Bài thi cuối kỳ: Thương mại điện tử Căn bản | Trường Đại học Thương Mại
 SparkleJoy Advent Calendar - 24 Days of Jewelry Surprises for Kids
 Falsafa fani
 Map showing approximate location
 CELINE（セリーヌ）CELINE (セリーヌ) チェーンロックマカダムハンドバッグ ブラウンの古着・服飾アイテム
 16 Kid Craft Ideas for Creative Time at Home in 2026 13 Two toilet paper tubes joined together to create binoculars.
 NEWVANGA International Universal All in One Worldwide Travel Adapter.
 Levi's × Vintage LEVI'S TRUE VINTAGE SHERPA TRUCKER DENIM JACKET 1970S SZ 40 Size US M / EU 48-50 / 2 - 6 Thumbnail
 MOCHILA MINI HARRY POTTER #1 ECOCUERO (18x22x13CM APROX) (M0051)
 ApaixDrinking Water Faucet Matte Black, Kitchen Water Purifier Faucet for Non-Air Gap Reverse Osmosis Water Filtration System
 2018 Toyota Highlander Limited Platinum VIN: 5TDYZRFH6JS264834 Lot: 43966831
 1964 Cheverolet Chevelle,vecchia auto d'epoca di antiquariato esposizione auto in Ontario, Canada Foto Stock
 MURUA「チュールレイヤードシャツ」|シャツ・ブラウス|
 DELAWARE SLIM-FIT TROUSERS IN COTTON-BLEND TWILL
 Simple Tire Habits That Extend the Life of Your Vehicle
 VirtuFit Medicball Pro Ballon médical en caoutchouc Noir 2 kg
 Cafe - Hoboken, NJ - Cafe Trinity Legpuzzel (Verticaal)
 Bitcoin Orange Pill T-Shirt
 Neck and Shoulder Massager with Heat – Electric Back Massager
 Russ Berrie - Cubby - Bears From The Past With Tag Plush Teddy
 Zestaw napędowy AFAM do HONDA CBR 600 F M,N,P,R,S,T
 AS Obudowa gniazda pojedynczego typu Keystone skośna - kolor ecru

******************************

- _EXERCISE DETAILS_
All of the material should be written out again exactly.

- _EXERCISE RESULT_
Bài thi cuối kỳ: Thương mại điện tử Căn bản | Trường Đại học Thương Mại
 SparkleJoy Advent Calendar - 24 Days of Jewelry Surprises for Kids
 Falsafa fani
 Map showing approximate location
 CELINE（セリーヌ）CELINE (セリーヌ) チェーンロックマカダムハンドバッグ ブラウンの古着・服飾アイテム
 16 Kid Craft Ideas for Creative Time at Home in 2026 13 Two toilet paper tubes joined together to create binoculars.
 NEWVANGA International Universal All in One Worldwide Travel Adapter.
 Levi's × Vintage LEVI'S TRUE VINTAGE SHERPA TRUCKER DENIM JACKET 1970S SZ 40 Size US M / EU 48-50 / 2 - 6 Thumbnail
 MOCHILA MINI HARRY POTTER #1 ECOCUERO (18x22x13CM APROX) (M0051)
 ApaixDrinking Water Faucet Matte Black, Kitchen Water Purifier Faucet for Non-Air Gap Reverse Osmosis Water Filtration System
 2018 Toyota Highlander Limited Platinum VIN: 5TDYZRFH6JS264834 Lot: 43966831
 1964 Cheverolet Chevelle,vecchia auto d'epoca di antiquariato esposizione auto in Ontario, Canada Foto Stock
 MURUA「チュールレイヤードシャツ」|シャツ・ブラウス|
 DELAWARE SLIM-FIT TROUSERS IN COTTON-BLEND TWILL
 Simple Tire Habits That Extend the Life of Your Vehicle
 VirtuFit Medicball Pro Ballon médical en caoutchouc Noir 2 kg
 Cafe - Hoboken, NJ - Cafe Trinity Legpuzzel (Verticaal)
 Bitcoin Orange Pill T-Shirt
 Neck and Shoulder Massager with Heat – Electric Back Massager
 Russ Berrie - Cubby - Bears From The Past With Tag Plush Teddy
 Zestaw napędowy AFAM do HONDA CBR 600 F M,N,P,R,S,T
 AS Obudowa gniazda pojedynczego typu Keystone skośna - kolor ecru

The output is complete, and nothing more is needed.